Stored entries
-- Opening Marker --
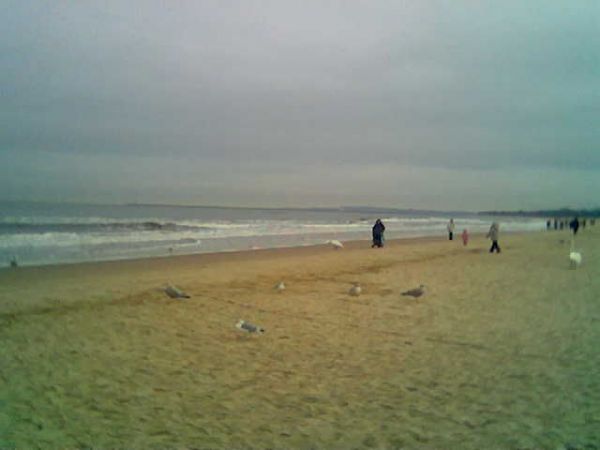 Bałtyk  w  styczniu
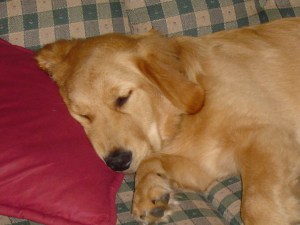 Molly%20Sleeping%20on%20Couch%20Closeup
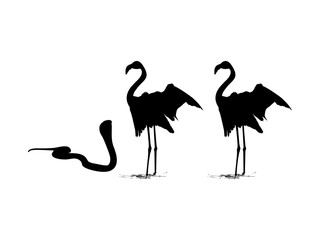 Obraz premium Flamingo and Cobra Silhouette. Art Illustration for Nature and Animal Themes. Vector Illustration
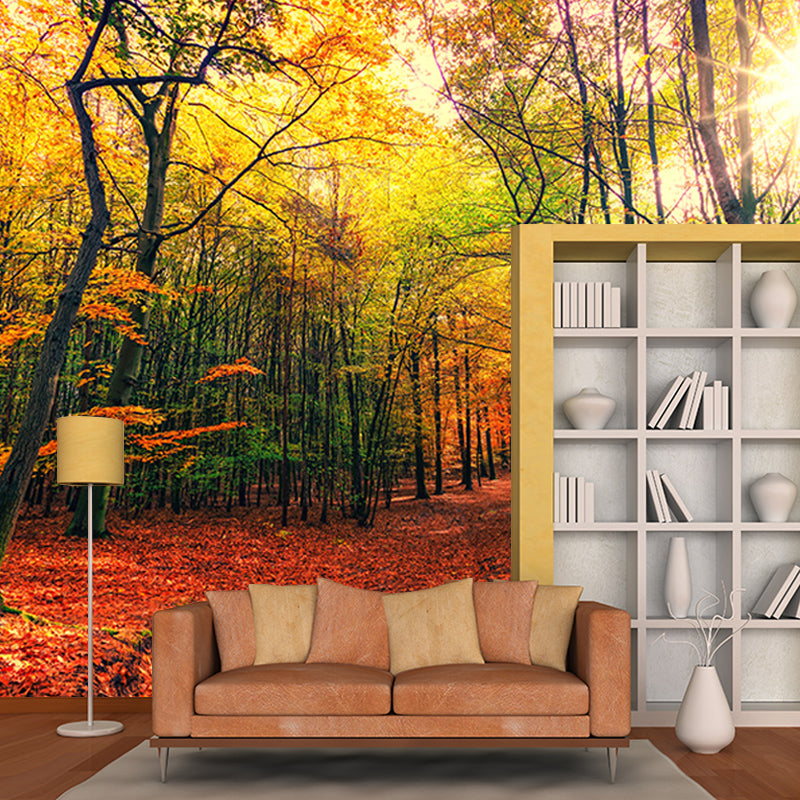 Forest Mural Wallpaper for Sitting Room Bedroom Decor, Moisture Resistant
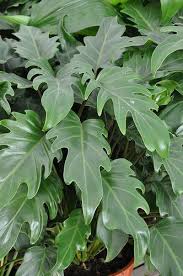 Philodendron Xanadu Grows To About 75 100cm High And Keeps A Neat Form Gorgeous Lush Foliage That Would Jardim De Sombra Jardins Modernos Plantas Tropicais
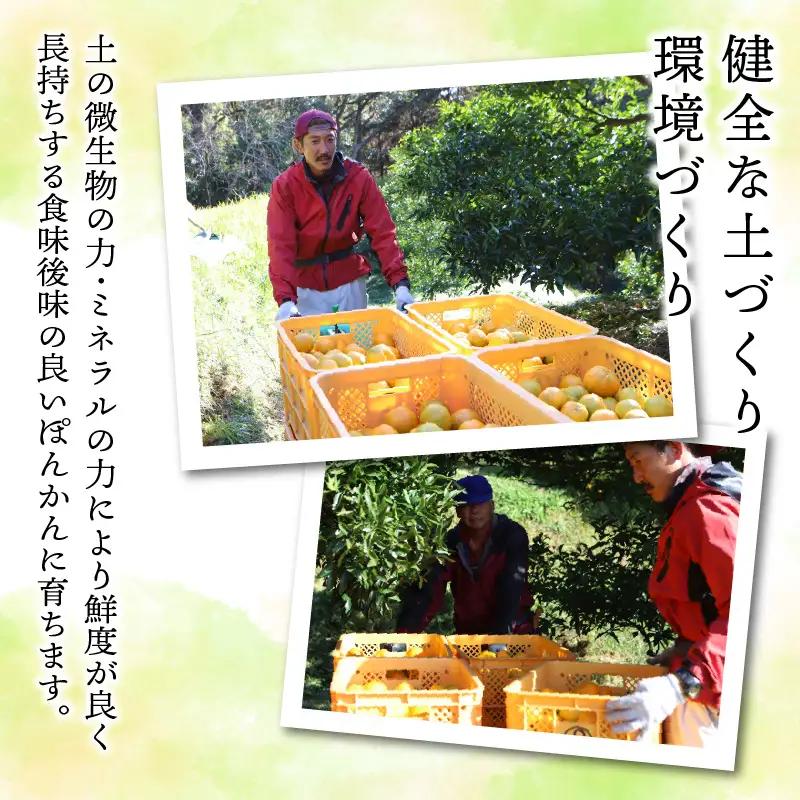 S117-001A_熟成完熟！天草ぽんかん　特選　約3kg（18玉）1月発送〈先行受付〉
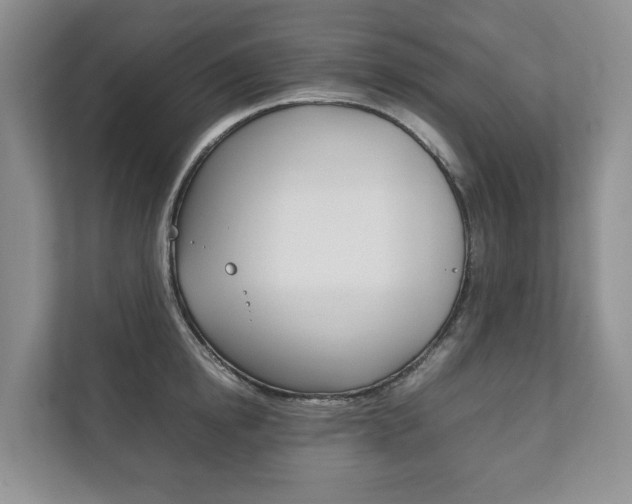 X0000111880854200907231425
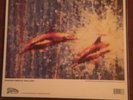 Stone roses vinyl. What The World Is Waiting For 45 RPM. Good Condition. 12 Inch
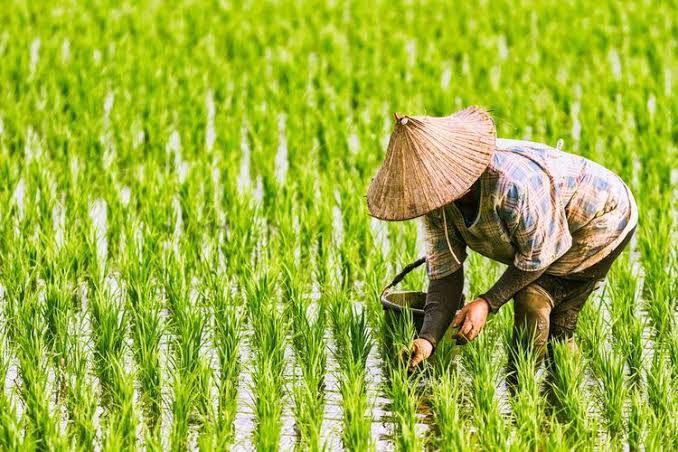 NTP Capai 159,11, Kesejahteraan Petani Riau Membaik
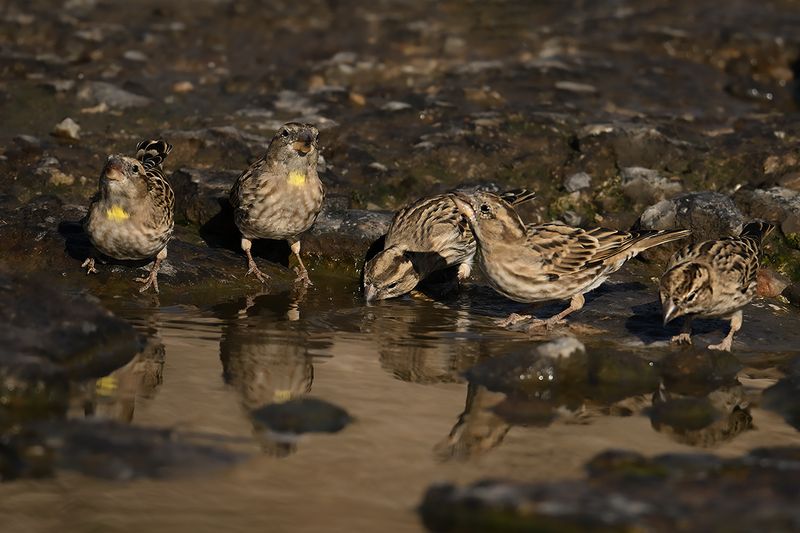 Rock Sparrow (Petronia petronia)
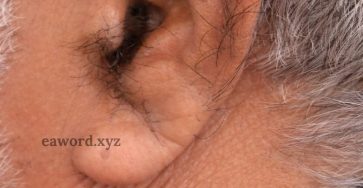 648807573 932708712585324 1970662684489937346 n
-- Closing Marker --
Problem details: Nothing but the lines above from the one that has "Molly%20Sleeping%20on%20Couch%20Closeup" down to the one that has "Forest Mural Wallpaper" belongs in the answer, copied exactly, without pictures.

Task answer:
 Molly%20Sleeping%20on%20Couch%20Closeup
 Obraz premium Flamingo and Cobra Silhouette. Art Illustration for Nature and Animal Themes. Vector Illustration
 Forest Mural Wallpaper for Sitting Room Bedroom Decor, Moisture Resistant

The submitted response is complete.